2.consume-events-kafka(Scala)
Loading...

Consume Events from Event Hub Kafka endpoint with Azure Schema Registry

We leverage the Event Hub Kafka Surface endpoint to pull data from Event Hub, and parsing with from_avro from the Schema Registry.

Import required modules

import com.microsoft.azure.schemaregistry.spark.avro.functions._;
import java.util._

Schema Registry Property Object

We place the Schema Registry endpoint here, along with our Service Principal info.

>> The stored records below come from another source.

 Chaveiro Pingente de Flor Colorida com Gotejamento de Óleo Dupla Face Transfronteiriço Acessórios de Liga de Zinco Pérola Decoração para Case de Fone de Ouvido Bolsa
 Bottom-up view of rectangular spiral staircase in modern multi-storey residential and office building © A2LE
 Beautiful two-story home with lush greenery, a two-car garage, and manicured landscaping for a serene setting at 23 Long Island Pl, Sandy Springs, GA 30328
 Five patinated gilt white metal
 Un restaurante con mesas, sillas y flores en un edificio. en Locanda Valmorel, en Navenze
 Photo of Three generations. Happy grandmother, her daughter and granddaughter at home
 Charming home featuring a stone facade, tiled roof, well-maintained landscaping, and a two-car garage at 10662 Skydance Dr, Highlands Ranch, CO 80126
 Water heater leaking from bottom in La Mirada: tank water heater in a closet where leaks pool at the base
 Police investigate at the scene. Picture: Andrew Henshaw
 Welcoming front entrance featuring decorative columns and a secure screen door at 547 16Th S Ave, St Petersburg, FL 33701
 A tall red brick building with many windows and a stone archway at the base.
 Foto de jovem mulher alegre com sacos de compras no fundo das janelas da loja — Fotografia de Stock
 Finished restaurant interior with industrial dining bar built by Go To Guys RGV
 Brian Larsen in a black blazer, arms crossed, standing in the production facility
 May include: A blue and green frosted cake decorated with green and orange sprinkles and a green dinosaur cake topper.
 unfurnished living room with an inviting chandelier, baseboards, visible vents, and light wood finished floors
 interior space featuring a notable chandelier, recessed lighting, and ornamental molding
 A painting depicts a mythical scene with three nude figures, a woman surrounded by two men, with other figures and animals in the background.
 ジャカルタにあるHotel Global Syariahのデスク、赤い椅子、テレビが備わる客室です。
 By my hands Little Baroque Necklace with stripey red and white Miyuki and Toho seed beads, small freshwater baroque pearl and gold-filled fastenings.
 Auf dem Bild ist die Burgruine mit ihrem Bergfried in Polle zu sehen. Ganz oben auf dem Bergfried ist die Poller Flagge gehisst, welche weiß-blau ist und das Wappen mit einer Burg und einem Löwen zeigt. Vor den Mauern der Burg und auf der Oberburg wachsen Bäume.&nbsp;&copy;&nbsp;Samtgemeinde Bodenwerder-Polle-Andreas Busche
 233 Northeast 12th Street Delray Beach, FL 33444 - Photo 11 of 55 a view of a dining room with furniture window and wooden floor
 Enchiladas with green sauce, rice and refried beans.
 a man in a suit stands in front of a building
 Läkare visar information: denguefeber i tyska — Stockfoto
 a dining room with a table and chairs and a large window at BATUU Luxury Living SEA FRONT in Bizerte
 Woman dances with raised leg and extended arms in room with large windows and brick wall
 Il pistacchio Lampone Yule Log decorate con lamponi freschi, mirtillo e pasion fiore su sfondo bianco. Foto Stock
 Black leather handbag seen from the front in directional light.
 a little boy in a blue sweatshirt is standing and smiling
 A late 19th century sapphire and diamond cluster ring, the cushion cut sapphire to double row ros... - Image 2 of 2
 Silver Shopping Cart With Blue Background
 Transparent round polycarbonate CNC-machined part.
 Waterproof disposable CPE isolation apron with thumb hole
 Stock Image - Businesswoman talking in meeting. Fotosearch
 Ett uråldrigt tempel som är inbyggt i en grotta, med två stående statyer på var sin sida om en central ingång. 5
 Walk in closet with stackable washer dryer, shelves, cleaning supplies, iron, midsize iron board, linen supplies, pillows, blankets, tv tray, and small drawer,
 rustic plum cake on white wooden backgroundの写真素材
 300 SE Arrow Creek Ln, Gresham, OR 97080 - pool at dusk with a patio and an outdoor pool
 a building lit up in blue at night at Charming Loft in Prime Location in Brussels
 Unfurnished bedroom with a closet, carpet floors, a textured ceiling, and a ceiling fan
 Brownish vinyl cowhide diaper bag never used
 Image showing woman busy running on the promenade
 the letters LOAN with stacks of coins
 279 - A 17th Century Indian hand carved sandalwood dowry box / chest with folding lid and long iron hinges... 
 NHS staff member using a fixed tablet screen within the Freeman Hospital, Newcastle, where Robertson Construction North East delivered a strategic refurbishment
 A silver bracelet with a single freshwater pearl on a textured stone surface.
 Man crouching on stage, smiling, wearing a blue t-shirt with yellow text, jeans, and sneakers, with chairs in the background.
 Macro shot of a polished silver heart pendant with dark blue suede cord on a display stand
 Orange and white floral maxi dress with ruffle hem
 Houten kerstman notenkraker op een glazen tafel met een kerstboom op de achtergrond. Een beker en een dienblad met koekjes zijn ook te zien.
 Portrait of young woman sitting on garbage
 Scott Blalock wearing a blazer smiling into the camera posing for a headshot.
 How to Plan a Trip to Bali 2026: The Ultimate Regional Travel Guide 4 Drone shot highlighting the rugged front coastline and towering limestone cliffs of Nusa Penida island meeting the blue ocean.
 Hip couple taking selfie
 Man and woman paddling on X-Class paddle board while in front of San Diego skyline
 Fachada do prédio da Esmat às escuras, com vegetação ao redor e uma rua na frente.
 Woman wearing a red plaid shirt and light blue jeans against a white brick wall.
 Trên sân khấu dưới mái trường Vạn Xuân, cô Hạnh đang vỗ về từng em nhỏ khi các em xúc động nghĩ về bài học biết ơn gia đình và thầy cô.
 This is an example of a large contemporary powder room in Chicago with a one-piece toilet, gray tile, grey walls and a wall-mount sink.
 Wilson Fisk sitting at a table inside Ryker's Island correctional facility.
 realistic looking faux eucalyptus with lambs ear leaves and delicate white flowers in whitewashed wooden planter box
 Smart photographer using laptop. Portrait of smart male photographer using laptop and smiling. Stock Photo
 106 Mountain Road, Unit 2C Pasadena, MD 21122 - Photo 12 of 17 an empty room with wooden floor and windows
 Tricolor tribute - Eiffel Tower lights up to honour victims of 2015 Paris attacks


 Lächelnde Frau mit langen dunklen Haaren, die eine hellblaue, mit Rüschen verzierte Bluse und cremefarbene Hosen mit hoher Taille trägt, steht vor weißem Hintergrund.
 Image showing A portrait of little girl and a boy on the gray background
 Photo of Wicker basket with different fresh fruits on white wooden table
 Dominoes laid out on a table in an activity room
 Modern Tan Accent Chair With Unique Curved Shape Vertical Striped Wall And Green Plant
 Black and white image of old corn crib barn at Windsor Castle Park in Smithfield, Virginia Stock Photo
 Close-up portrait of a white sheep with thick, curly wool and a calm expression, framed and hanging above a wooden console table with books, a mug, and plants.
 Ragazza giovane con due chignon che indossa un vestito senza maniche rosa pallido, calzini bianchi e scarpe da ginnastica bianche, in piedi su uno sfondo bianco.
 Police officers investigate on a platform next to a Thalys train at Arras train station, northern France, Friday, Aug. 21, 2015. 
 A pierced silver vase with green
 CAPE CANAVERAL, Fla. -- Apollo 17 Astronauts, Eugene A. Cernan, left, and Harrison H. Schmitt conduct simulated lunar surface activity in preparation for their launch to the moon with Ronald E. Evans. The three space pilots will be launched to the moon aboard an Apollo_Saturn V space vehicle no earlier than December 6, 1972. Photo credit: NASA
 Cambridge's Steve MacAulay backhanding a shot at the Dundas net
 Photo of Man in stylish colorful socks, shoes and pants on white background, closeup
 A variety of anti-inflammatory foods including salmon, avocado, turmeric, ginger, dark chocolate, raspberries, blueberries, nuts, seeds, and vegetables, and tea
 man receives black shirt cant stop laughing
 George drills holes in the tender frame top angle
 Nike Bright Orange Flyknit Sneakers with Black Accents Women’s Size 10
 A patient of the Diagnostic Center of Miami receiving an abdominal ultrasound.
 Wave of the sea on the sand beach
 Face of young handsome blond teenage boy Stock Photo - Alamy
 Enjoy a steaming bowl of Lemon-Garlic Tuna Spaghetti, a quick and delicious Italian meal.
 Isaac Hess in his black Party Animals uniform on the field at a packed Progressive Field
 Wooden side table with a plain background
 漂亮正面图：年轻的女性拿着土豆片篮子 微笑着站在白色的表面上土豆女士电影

NOTE: We're appending http to the schema.registry.url as the Java SDK currently throws an exception if the URL is malformed:

URL Exception

val props: HashMap[String, String] = new HashMap()
  props.put("schema.registry.url", "http://<your-event-hub>.servicebus.windows.net")
  props.put("schema.registry.tenant.id", "<your-azure-ad-tenant-id>")
  props.put("schema.registry.client.id", "<your-client-id>")
  props.put("schema.registry.client.secret", "<your-client-secret>")

Kafka Config

val TOPIC = "<your-topic>"
val BOOTSTRAP_SERVERS = "<your-event-hub>.servicebus.windows.net:9093"
val EH_SASL = "kafkashaded.org.apache.kafka.common.security.plain.PlainLoginModule required username=\"$ConnectionString\" password=\"Endpoint=sb://<your-event-hub>.servicebus.windows.net/;SharedAccessKeyName=<name>;SharedAccessKey=<your-access-key>\";"

Define Spark Dataframe

val df = spark.readStream
    .format("kafka")
    .option("subscribe", TOPIC)
    .option("kafka.bootstrap.servers", BOOTSTRAP_SERVERS)
    .option("kafka.sasl.mechanism", "PLAIN")
    .option("kafka.security.protocol", "SASL_SSL")
    .option("kafka.sasl.jaas.config", EH_SASL)
    .option("kafka.request.timeout.ms", "60000")
    .option("kafka.session.timeout.ms", "60000")
    .option("failOnDataLoss", "false")
    .option("startingOffsets", "earliest")
    .load()

Deserialize with from_avro while pulling the schema from the Schema Registry

val parsed_df = df.select(from_avro($"value", "<your-schema-guid>", props))
display(parsed_df)